When updating records, it's important to exclude the ID field (even if it remains unchanged). Consider this code:
await db.update(user).set(userParam).where(eq(user.id, userParam.id))
The actual SQL executed:
update "User" set "id" = ?, "screenName" = ?, "updatedAt" = ? where "User"."id" = ?
If this ID is referenced by foreign keys in other tables, it can lead to a massive number of row reads. For example, if a "tweet" table has a userId field referencing this ID and contains 1,000 records, updating the user with the ID included will cause 2,005 rows to be read instead of just 1.
The solution is to explicitly exclude the ID field from updates:
const r = await db
.update(user)
.set(omit(userParam, ['id']))
.where(eq(user.id, userParam.id))
This properly limits rows read to 1, regardless of how many related records exist.
I noticed an SQL statement ranking high in rows read on the D1 dashboard:
SELECT count(id) as num_rows FROM "User";
This led to a significant increase in rows read, so I implemented cursor-based pagination instead of offset-based pagination, and never provided total counts, since counting records scans all rows even with indexed IDs. This is a known issue with D1.
I discovered that a specific SQL query was causing hundreds of thousands of row reads:
SELECT "modlist"."id",
"modlist"."updatedat",
"modlistsubscription"."action",
Json_group_array(DISTINCT "modlistuser"."twitteruserid"),
Json_group_array(DISTINCT "modlistrule"."rule")
FROM "modlist"
LEFT JOIN "modlistsubscription"
ON "modlist"."id" = "modlistsubscription"."modlistid"
LEFT JOIN "modlistuser"
ON "modlist"."id" = "modlistuser"."modlistid"
LEFT JOIN "modlistrule"
ON "modlist"."id" = "modlistrule"."modlistid"

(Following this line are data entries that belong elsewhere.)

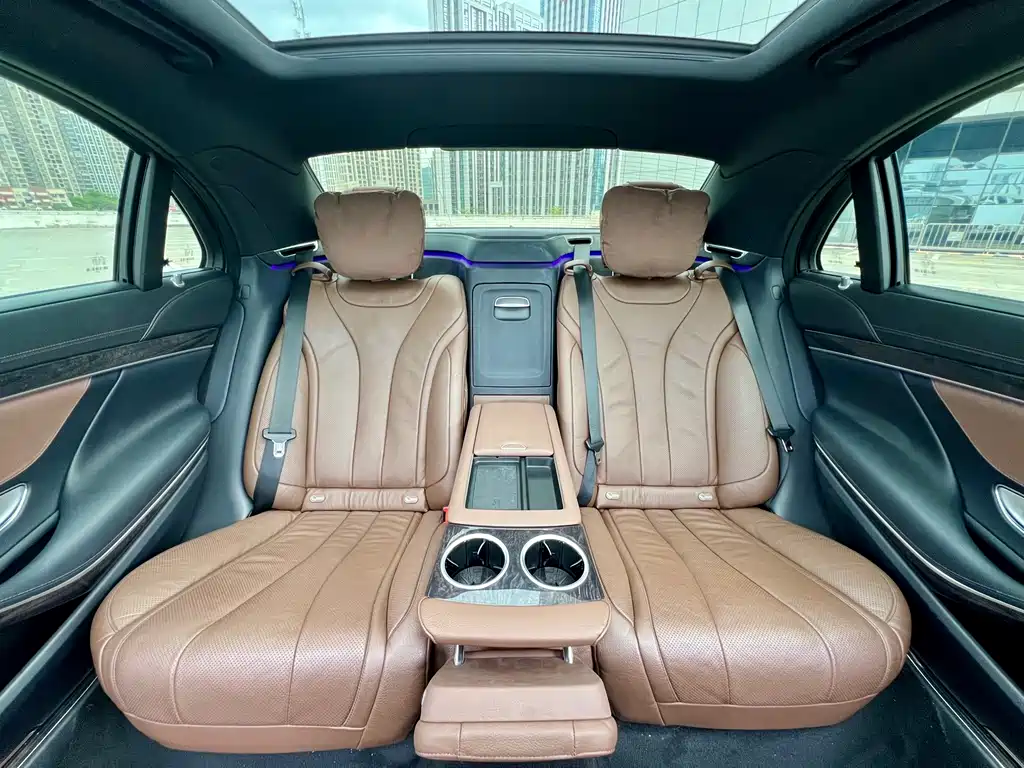 Mercedes-Benz S-Class 2018 S 450 L 4MATIC Excellent Special Edition купить на сайте DeffCars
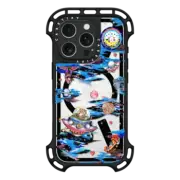 iPhone 16 Pro Ultra Bounce Case MagSafe Compatible To the moon and back glitter by Phannapast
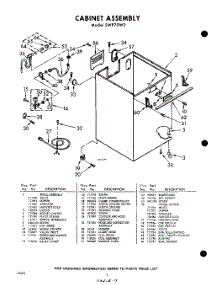 02 - Section parts for Whirlpool SWP70W0 / from AppliancePartsPros.com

WHERE "modlist"."id" IN ( ?, ? )
GROUP BY "modlist"."id",
"modlistsubscription"."action";
This query joined four tables, potentially causing a "Cartesian product explosion." If both modListUser and modListRule tables contain 100 records each, a simple join could yield 10,000 results, which is not the expected behavior.
The solution was to split queries and handle grouping and transformation in the application logic:
await db.batch([
db
.select({
modListId: modListUser.modListId,
twitterUserId: modListUser.twitterUserId,
})
.from(modListUser)
.where(eq(modListUser.modListId, 'modlist-1')),
db
.select({
modListId: modListRule.modListId,
rule: modListRule.rule,
})
.from(modListRule)
.where(eq(modListRule.modListId, 'modlist-1')),
]) // 200 rows read instead of 10,101
For bulk inserts, instead of using:
await Promise.all(users.map((it) => db.insert(user).values(it)) as any)
Or even:
await db.batch(users.map((it) => db.insert(user).values(it)) as any)

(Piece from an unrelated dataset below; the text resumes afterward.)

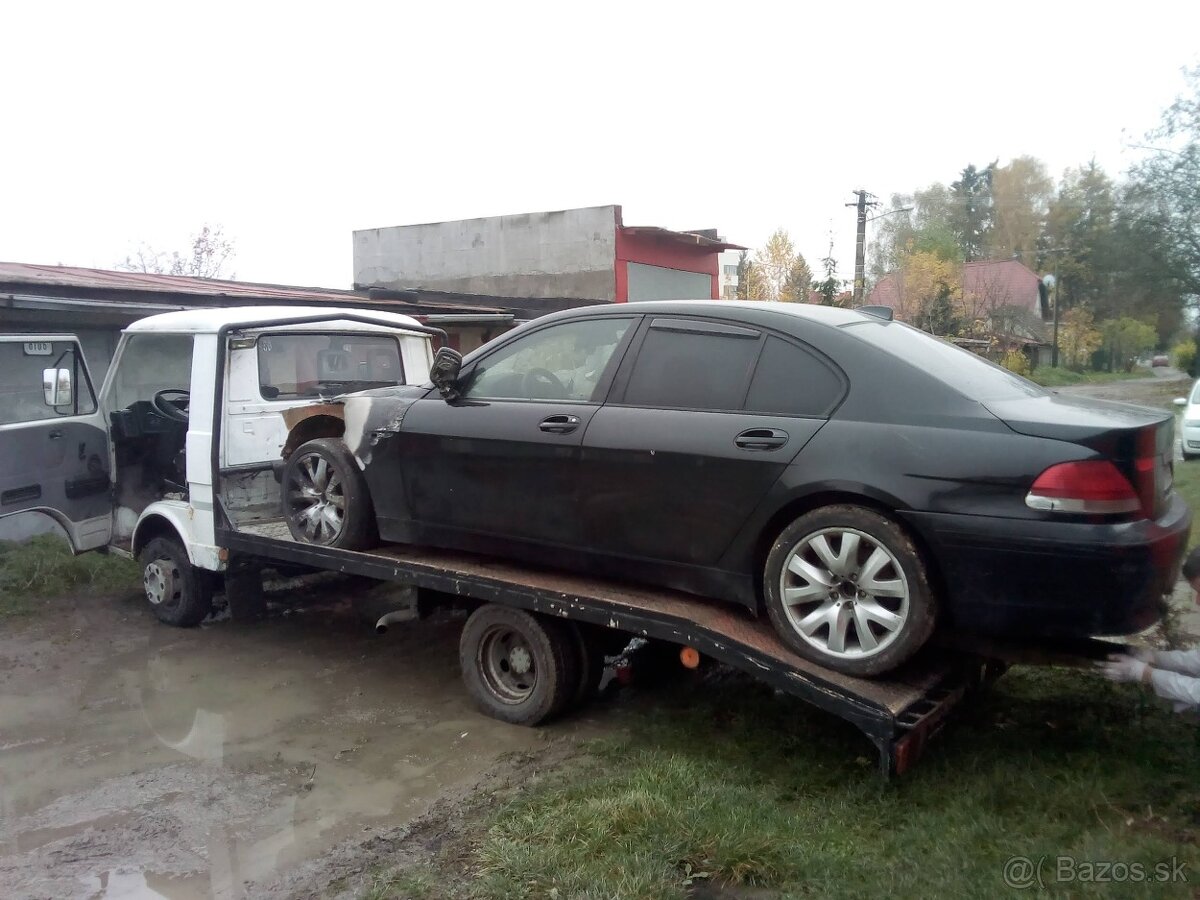 Predám BMW 730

I found it more efficient to insert multiple records in a single statement:
await db.insert(user).values(users)
However, SQLite and D1 limit the number of bound parameters to 100 per query. With 10 columns, we can insert at most 10 rows per SQL statement. For larger batches, we need to chunk the data:
await db.batch(
safeChunkInsertValues(user, users).map((it) =>
db.insert(user).values(it),
) as any,
)
Testing this approach with 5,000 records showed a performance improvement from 78ms to 14ms, making this optimization worthwhile.
Server-side issues differ significantly from client-side problems. While client-side errors only affect users, server-side errors can directly impact monthly bills and may take time to manifest. Therefore, caution and thorough unit testing are essential.
When addressing database query issues, I found it helpful to follow this process: discover, investigate, attempt to solve, monitor, try again if needed, continue monitoring, and then finalize. The first solution attempt may not succeed—it might even make things worse—but continuous monitoring is crucial for timely detection and resolution of issues.